1 - Dell P4 computer (I use Beyond TV) using TV as the monitor
1 - Scientific Atlantic Cable box for Cox cable
1 - DVD player
1 - VCR

I will be adding an Onkyo 703 receiver as soon as I can afford some speakers.

Even without the receiver, it gets quite warm inside the cabinet as compared to the temperature outside the cabinet. It seems to be OK if I leave the cabinet doors open but then my Wife Acceptance Factor drops significantly. I have already purchased an IR repeater to be able to close the cabinet to satisfy my wife. The cabinet backs up to an outside wall. I was thinking I could use something like a laundry room dryer vent with a quiet PC fan.

Any input would be appreciated.
 

rrockoff

Active Member
Thank you for your reply. Mine is a wood cabinet built above our 65" Big Screen HDTV. I think I need to suck the hot air from the cabinet to the outside and blow cooler air from the room into the cabinet. I am concerned about pulling air from the bottom of the cabinet, as the TV being located directly under the cabinet, will be warming the air. I can't put anything on the front of the cabinet. My wife won't allow it.

Rod
 

pete

Active Member
not sure what your cabinet looks like, but you need air in and air out pathways . .

. . if you place them with some thought, you may not need a fan . .

Pete C
 

gregoryx

Active Member
Can you cut out the entire back of the unit where the gear is?

That approach has worked for me.

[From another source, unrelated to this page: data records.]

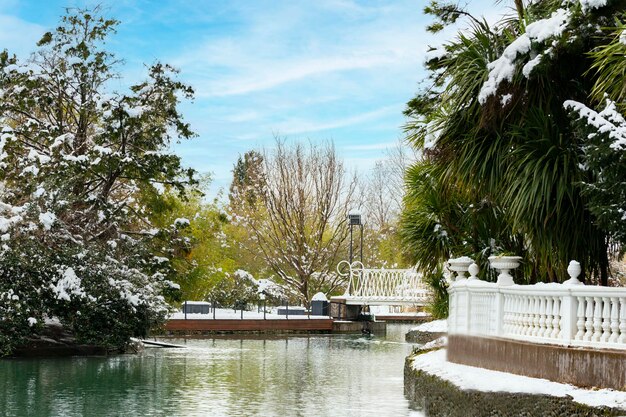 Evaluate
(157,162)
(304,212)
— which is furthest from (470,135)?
(304,212)

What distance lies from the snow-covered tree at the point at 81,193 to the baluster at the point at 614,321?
15.0 m

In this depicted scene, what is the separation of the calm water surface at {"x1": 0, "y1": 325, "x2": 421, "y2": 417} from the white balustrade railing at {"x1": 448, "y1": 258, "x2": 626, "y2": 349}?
73.2 inches

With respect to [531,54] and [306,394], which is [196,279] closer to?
[306,394]

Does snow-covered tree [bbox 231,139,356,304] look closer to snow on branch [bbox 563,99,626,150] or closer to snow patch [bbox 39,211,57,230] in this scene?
snow patch [bbox 39,211,57,230]

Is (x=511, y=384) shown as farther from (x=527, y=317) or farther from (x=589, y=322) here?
(x=527, y=317)

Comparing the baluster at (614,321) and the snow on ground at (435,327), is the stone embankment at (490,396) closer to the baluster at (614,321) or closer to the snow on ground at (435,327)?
the baluster at (614,321)

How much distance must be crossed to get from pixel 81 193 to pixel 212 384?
31.9 ft

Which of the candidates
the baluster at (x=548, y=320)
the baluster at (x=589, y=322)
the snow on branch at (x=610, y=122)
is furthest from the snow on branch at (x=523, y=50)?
the baluster at (x=589, y=322)

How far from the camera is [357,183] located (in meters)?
50.8

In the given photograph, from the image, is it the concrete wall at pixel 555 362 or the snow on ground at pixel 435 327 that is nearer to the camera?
the concrete wall at pixel 555 362

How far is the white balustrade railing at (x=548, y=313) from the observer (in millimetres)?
10367

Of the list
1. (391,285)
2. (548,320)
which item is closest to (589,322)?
(548,320)

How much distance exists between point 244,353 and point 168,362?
3889 millimetres

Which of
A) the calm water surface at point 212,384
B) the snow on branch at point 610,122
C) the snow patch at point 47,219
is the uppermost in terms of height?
the snow on branch at point 610,122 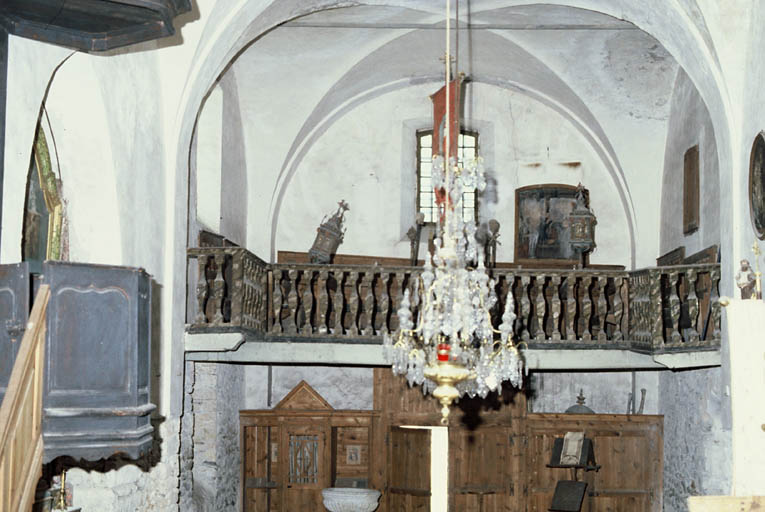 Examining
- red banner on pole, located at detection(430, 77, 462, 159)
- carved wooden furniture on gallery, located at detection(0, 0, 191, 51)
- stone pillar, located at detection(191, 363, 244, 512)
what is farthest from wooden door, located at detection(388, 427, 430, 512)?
carved wooden furniture on gallery, located at detection(0, 0, 191, 51)

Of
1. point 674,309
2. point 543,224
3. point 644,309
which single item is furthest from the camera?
point 543,224

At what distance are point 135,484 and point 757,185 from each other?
666cm

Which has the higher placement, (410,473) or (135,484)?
(135,484)

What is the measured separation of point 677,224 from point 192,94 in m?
7.15

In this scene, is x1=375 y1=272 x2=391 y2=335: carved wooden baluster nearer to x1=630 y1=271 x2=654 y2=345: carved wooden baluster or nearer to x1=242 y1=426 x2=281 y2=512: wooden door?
x1=630 y1=271 x2=654 y2=345: carved wooden baluster

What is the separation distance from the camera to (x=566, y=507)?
15.3m

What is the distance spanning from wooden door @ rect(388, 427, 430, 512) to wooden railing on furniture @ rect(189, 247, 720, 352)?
8.84 ft

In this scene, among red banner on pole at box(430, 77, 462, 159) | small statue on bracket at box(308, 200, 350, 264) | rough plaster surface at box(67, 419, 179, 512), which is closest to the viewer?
rough plaster surface at box(67, 419, 179, 512)

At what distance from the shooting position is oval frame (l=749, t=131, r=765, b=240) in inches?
411

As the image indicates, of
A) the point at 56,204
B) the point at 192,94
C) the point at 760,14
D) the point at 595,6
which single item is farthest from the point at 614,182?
the point at 56,204

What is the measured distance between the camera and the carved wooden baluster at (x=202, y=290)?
12.2 meters

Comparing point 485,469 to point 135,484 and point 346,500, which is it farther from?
point 135,484

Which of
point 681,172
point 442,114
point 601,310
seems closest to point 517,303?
point 601,310

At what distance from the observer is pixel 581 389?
643 inches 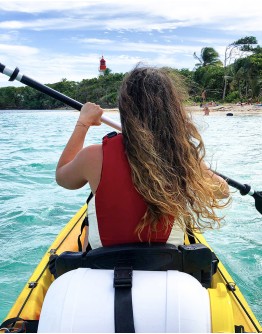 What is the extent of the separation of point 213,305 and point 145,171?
19.9 inches

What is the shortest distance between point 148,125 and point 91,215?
39 cm

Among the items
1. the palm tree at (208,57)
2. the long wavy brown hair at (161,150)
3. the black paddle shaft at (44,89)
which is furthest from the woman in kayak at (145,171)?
the palm tree at (208,57)

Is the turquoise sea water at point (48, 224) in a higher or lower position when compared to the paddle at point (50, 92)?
lower

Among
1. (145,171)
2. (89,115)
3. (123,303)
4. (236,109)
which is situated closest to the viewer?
(123,303)

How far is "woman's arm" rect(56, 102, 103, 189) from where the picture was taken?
167cm

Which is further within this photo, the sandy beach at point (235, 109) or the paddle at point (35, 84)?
the sandy beach at point (235, 109)

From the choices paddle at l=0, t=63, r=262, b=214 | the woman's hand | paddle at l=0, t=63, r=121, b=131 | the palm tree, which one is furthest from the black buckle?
the palm tree

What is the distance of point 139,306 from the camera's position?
1.32 meters

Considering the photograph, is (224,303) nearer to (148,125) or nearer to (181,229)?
(181,229)

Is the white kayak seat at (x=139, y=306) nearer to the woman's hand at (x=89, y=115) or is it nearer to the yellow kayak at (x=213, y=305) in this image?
the yellow kayak at (x=213, y=305)

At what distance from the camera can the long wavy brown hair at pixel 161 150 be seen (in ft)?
5.22

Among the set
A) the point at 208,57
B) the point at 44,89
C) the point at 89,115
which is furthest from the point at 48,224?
the point at 208,57

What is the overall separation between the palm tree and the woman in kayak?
43501 millimetres

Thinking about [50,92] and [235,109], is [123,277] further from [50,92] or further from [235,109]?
[235,109] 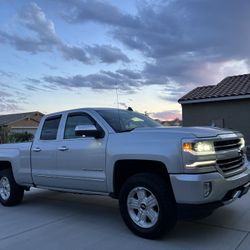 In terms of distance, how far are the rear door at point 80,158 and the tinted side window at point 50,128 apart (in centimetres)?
28

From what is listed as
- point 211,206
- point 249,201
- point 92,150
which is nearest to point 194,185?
point 211,206

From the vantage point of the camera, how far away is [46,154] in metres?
6.76

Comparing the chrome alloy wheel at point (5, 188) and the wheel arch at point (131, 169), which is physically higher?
the wheel arch at point (131, 169)

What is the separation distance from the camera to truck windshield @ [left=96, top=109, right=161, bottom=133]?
19.5 feet

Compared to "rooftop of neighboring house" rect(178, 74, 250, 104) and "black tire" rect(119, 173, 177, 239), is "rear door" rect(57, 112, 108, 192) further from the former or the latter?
"rooftop of neighboring house" rect(178, 74, 250, 104)

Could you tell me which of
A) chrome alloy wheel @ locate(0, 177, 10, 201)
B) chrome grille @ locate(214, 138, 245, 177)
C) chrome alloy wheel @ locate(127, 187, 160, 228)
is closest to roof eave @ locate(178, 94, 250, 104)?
chrome grille @ locate(214, 138, 245, 177)

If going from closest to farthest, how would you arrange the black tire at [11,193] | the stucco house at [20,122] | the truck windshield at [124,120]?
the truck windshield at [124,120], the black tire at [11,193], the stucco house at [20,122]

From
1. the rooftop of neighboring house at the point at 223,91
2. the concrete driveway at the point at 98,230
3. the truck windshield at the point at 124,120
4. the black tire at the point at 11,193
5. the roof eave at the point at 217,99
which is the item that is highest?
the rooftop of neighboring house at the point at 223,91

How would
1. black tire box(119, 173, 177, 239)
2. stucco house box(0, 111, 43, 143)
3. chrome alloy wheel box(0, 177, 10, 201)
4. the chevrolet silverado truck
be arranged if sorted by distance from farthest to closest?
stucco house box(0, 111, 43, 143) < chrome alloy wheel box(0, 177, 10, 201) < black tire box(119, 173, 177, 239) < the chevrolet silverado truck

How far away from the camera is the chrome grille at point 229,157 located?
4.96 meters

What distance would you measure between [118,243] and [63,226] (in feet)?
4.41

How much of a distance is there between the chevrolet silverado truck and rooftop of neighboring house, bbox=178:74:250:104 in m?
9.59

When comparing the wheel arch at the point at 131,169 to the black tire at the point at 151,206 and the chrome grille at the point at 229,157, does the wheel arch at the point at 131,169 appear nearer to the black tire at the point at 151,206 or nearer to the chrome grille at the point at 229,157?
the black tire at the point at 151,206

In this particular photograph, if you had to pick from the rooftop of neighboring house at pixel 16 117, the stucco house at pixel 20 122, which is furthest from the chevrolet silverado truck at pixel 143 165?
the rooftop of neighboring house at pixel 16 117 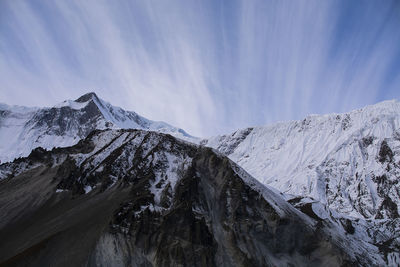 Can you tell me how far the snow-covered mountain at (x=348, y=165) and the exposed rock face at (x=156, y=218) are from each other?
185 ft

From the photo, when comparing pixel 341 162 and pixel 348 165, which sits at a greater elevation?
pixel 341 162

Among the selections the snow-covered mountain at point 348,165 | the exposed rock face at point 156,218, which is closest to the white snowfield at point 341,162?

I was able to eliminate fans in cases where I could just expose the whole lot of the gear on one side.

I also created airflow in one cabinet (not on I have anymore) but using those little rubber door things to create a 1/4" (or so) air gap on the front doors when closed. It wasn't noticeable on this cabinet. Of course, the back was cut out, too.
 

rrockoff

Active Member
Thank you all for your suggestions. I have included a couple of pictures to help to describe my environment. Left picture is with the cabinet doors closed. Right picture is with the cabinet doors open.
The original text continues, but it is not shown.